»»

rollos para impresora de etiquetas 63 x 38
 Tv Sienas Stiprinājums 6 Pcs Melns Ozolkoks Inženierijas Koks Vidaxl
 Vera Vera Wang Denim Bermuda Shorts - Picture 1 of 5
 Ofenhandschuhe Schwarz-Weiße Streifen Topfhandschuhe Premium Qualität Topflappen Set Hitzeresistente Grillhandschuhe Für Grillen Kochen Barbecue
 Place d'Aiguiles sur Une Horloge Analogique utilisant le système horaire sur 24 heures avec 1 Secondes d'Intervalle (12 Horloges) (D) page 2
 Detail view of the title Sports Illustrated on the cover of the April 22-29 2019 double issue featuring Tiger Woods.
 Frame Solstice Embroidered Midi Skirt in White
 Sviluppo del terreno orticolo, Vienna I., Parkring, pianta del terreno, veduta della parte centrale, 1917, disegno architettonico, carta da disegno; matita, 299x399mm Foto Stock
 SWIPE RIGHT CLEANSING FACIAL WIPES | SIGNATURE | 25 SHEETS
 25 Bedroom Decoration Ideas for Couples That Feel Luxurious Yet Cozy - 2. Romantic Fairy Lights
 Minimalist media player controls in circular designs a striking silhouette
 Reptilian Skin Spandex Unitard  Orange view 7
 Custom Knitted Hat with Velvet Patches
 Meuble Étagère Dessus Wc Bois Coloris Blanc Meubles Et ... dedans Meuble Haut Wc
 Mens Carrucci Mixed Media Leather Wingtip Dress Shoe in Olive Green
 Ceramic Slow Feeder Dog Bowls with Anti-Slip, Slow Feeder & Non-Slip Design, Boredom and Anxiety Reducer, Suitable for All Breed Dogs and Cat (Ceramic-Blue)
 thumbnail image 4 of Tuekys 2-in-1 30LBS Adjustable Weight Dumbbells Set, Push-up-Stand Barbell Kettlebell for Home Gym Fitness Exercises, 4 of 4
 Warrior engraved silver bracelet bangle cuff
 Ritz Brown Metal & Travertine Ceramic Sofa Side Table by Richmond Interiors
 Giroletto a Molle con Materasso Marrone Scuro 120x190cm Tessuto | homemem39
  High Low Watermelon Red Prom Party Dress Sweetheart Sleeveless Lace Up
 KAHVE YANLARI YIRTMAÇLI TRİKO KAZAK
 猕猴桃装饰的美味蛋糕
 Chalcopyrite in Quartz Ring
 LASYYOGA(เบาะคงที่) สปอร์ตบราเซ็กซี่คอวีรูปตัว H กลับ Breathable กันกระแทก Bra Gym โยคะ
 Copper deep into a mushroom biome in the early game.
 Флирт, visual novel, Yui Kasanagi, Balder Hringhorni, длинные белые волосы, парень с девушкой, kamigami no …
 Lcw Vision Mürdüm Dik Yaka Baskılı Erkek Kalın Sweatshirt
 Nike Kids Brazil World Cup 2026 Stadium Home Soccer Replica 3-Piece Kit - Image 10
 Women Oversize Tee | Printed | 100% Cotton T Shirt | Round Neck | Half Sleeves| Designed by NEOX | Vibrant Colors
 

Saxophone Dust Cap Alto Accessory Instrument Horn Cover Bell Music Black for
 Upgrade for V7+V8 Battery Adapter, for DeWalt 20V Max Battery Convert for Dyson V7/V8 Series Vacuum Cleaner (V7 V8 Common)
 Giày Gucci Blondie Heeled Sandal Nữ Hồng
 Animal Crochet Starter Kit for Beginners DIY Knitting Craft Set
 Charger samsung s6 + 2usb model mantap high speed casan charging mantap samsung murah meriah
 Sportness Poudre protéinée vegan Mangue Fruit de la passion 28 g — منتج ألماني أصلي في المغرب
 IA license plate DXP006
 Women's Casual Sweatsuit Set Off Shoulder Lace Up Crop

««

• _TASK GOAL_: From the data above, output only the lines between the line containing "Nike Kids Brazil" and the line containing "Giày Gucci Blondie Heeled Sandal Nữ Hồng", inclusive, exactly as written.

• _SOLUTION FOR THIS TASK_:
 Nike Kids Brazil World Cup 2026 Stadium Home Soccer Replica 3-Piece Kit - Image 10
 Women Oversize Tee | Printed | 100% Cotton T Shirt | Round Neck | Half Sleeves| Designed by NEOX | Vibrant Colors
 

Saxophone Dust Cap Alto Accessory Instrument Horn Cover Bell Music Black for
 Upgrade for V7+V8 Battery Adapter, for DeWalt 20V Max Battery Convert for Dyson V7/V8 Series Vacuum Cleaner (V7 V8 Common)
 Giày Gucci Blondie Heeled Sandal Nữ Hồng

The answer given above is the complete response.